¿Por qué incluir el nombre de los usuarios en las interfaces?

Si buscan algo técnico, les recomiendo saltear directamente este post ;)

Una vez – esto me sucedió hace doscientos años atrás según mi objetiva percepción – oí decir a una analista funcional: “¿Para qué sirve personalizar los e-mails si los usuarios igual saben que interactúan con una computadora?”.

Esta frase – que roza lo fantástico cuando hablamos de human-computer interaction, me rememoró a los tiempos atávicos y a pensar por un segundo en esto de llamar al otro por su nombre en una interfaz.

Aquí empieza el divague teológico (están a tiempo de huir): en un determinado espacio tiempo, según los mitos bíblicos, el personaje heroico Moisés se encuentra con el dios único-creador, es desafiado a lograr un objetivo y al cierre de este encuentro, este personaje heroico con rasgos dominantes le pregunta al dios hablante: “¿cuál es tu nombre?”. Y este dios le ofrece las consonantes de su nombre, que no permiten ser pronunciadas.

Alguna vez un profesor mío de teología hizo esta exégesis y me pareció interesante.

Este dios rompe con la dialéctica establecida entre los otros pueblos y sus dioses y escribe un nombre impronunciable. Decide seguir siendo anónimo. Innombrable.

En esta astuta maniobra de no escribir las vocales, establece él mismo los roles del vínculo: dios domina al hombre, el hombre no puede dominarlo.

Si recordamos a los diez mandamientos – que no son diez, pero se agruparon así a posteriori de su escritura seguramente por una cuestión didáctica vinculada con los dedos de las manos – uno de los primeros preceptos en el hebreo original dice: “no nombrarás a tu dios”. No dice “no nombrarás a tu dios en vano”, como adjuntó la iglesia católica en una de sus tantas traducciones.

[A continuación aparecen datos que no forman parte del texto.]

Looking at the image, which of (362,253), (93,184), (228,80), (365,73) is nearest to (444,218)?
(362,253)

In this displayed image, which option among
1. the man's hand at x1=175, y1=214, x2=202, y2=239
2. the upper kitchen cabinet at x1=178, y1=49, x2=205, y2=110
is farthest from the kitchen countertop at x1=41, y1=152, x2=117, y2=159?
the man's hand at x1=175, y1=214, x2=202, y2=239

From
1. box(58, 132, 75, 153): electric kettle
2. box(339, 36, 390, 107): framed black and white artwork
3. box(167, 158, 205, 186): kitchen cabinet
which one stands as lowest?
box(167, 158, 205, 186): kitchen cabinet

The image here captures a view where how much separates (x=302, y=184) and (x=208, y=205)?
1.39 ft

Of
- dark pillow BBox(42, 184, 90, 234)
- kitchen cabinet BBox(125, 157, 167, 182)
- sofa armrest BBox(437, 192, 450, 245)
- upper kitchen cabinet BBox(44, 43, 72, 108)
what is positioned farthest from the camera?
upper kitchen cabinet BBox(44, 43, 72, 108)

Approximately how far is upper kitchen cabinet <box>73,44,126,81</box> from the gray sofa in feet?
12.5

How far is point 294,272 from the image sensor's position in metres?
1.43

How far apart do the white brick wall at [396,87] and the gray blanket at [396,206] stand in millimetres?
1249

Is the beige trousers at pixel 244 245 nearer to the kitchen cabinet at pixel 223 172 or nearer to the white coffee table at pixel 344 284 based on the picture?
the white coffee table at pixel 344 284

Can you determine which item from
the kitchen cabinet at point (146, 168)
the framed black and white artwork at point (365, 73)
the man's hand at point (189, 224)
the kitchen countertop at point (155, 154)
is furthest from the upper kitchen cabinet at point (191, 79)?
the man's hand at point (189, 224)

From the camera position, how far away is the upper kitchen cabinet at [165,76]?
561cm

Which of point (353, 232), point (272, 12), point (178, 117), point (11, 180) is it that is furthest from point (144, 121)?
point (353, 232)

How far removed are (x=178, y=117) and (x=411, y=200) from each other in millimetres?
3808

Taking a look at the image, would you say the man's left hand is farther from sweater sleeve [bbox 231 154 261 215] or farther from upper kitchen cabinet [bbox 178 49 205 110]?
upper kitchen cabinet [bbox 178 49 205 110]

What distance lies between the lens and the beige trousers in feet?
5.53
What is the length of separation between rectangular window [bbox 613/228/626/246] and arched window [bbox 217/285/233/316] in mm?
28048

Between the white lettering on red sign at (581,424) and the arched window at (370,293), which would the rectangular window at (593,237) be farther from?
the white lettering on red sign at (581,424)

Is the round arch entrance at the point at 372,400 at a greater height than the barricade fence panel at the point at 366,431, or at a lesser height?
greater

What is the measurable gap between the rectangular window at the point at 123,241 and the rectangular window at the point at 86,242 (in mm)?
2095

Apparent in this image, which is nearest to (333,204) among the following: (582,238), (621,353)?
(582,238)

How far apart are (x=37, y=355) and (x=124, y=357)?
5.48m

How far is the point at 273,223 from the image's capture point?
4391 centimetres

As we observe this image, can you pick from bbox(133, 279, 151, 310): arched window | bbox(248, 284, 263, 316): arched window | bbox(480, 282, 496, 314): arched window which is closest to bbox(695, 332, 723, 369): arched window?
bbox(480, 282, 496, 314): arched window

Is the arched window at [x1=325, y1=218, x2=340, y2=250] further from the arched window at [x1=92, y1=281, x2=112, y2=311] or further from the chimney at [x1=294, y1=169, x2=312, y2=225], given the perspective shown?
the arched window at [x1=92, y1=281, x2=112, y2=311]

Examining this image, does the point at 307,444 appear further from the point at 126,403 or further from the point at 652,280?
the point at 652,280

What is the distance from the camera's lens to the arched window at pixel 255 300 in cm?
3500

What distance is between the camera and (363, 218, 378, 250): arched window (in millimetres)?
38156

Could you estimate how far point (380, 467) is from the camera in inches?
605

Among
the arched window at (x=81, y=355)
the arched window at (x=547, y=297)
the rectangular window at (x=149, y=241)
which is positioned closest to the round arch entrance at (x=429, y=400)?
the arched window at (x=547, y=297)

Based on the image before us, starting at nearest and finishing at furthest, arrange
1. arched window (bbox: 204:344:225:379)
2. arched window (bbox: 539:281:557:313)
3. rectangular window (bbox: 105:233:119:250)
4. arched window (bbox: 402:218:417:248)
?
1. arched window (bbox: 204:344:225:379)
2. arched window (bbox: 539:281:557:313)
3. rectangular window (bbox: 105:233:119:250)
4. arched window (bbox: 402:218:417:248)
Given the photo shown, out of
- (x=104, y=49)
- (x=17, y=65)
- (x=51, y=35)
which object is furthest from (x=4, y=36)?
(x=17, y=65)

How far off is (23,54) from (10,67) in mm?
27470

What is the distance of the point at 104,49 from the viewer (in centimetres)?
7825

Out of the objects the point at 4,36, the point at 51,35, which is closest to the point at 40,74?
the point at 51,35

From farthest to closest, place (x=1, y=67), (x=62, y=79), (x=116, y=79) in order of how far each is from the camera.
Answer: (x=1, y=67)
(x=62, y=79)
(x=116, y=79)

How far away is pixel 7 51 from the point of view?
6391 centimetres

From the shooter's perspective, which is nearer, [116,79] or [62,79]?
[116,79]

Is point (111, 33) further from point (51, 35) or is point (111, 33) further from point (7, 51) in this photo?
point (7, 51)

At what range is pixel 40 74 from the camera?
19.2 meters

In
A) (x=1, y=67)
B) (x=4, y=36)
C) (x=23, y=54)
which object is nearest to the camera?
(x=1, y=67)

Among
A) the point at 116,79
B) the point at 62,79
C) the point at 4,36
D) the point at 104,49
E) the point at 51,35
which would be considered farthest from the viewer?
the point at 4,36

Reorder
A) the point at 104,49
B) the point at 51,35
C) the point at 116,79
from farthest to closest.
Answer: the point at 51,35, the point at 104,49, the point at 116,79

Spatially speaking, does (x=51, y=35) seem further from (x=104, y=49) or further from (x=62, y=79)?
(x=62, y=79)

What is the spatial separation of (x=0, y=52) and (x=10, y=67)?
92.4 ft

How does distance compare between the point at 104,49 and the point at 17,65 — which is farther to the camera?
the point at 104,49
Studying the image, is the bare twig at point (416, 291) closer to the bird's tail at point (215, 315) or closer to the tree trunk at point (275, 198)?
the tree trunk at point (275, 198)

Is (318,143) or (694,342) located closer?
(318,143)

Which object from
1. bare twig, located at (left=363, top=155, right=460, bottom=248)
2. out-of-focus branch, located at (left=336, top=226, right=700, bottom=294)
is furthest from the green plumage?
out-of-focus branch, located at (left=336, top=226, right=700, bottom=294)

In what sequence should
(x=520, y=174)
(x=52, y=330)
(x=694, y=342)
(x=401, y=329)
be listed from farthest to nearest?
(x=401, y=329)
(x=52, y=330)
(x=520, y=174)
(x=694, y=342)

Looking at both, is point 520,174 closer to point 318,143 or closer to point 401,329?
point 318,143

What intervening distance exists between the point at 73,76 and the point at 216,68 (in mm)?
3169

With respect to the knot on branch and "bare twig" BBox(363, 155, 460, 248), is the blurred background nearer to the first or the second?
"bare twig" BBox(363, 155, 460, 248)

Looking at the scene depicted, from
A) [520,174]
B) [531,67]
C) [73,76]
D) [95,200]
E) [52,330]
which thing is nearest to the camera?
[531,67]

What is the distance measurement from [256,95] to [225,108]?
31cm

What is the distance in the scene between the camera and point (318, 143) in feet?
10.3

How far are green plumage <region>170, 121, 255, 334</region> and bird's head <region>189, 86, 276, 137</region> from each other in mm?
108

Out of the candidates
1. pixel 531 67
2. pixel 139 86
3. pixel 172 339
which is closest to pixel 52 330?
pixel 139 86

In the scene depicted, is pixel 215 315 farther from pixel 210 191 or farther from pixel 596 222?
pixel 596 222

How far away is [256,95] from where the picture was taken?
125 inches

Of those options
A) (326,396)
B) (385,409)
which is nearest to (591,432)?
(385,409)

Este dios no desea ser dominado y por tal razón no devela su nombre. De hecho, este dios es el que renombra a los héroes, lo cual implica sumisión y pertenencia por la otra parte.

Volviendo de lo religioso-antropológico a lo fácticamente tecnológico, la historia es la misma: saber quién domina, saber quién tiene el poder, saber quién es el que nombra.

Y en esto me quedé pensando aquel día en que se cuestionaba la inclusión o no del nombre del usuario en una interfaz, en un e-mail…

;)

4 comentarios

  1. Pero Moisés insistió:

    —Supongamos que me presento ante los israelitas y les digo: “El Dios de sus antepasados me ha enviado a ustedes.” ¿Qué les respondo si me preguntan: “¿Y cómo se llama?”

    —Yo soy el que soy —respondió Dios a Moisés—.